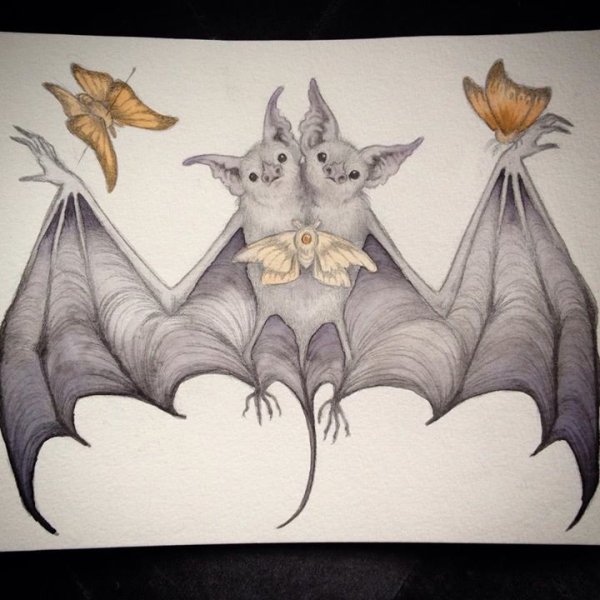 Летучая мышь морда арт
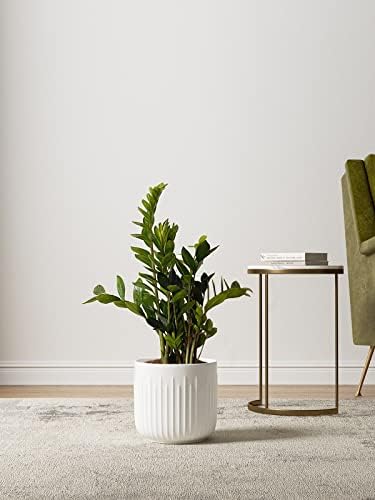 LE TAUCI Ceramic Planters, 8.3/7/6 Inch Indoor Pots for Plants with Drainage Holes & Mesh, Modern Matte Glaze Cylinder Fluted Plant Pot for Snake Plant, Set of 3, White - Image 3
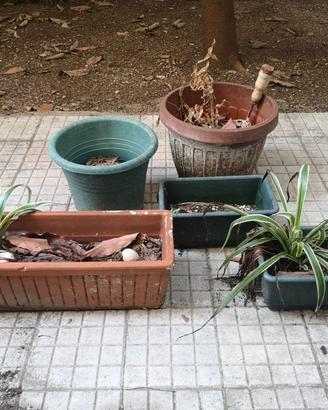 5 vasi da giardino terracotta e plastica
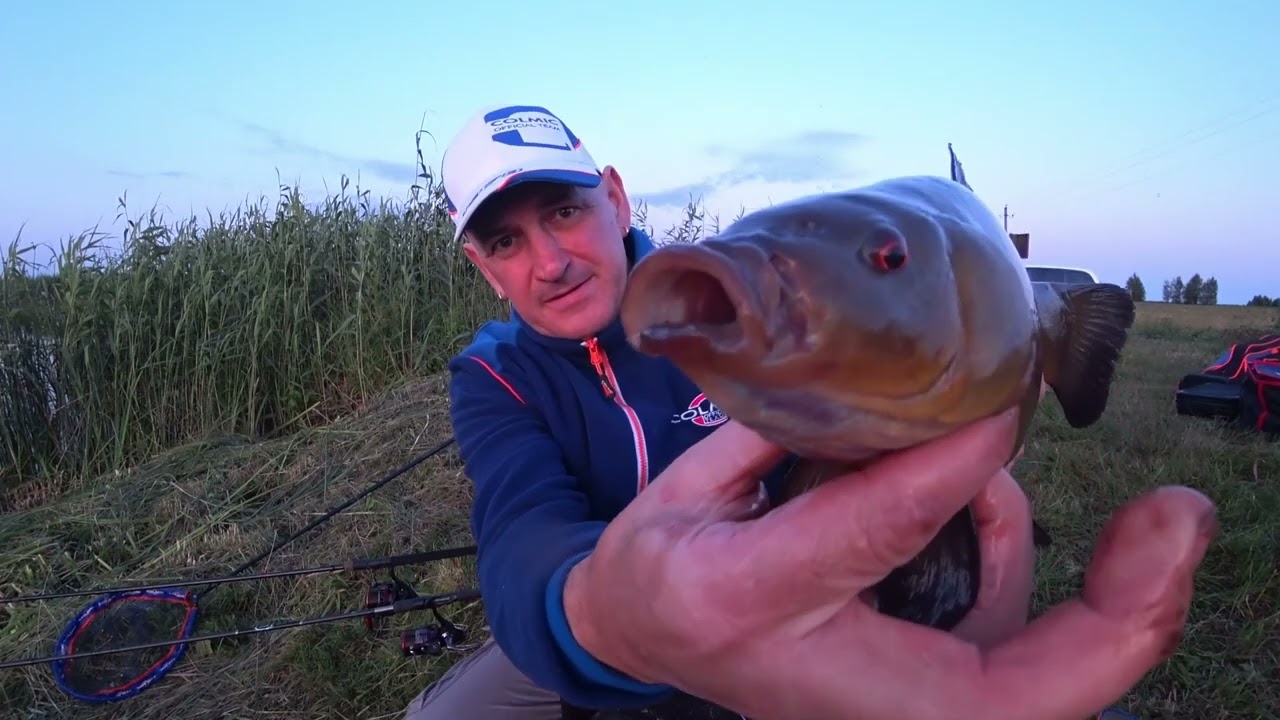 Lynai Kimba Kaip Pasiutę 1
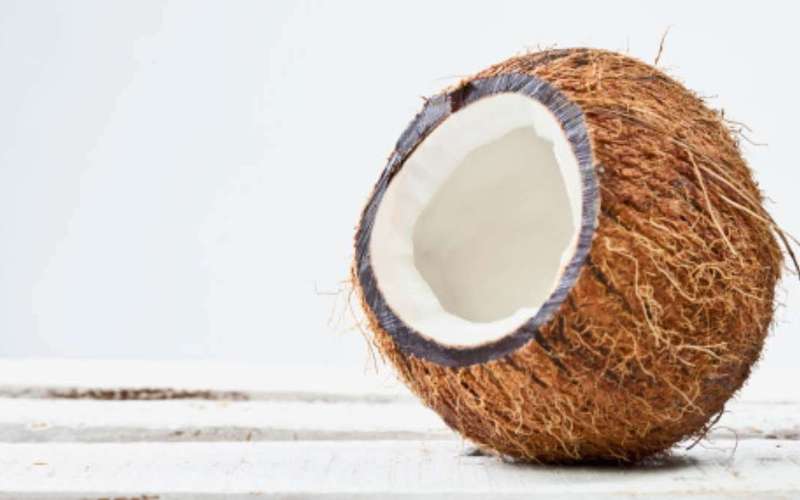 image for Meanwhile, on Reddit, dudes can’t stop talking about fucking coconuts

----

Directions for this task:
The records above need to be copied exactly, with the pictures left out.

Solution for this exercise:
 Летучая мышь морда арт
 LE TAUCI Ceramic Planters, 8.3/7/6 Inch Indoor Pots for Plants with Drainage Holes & Mesh, Modern Matte Glaze Cylinder Fluted Plant Pot for Snake Plant, Set of 3, White - Image 3
 5 vasi da giardino terracotta e plastica
 Lynai Kimba Kaip Pasiutę 1
 image for Meanwhile, on Reddit, dudes can’t stop talking about fucking coconuts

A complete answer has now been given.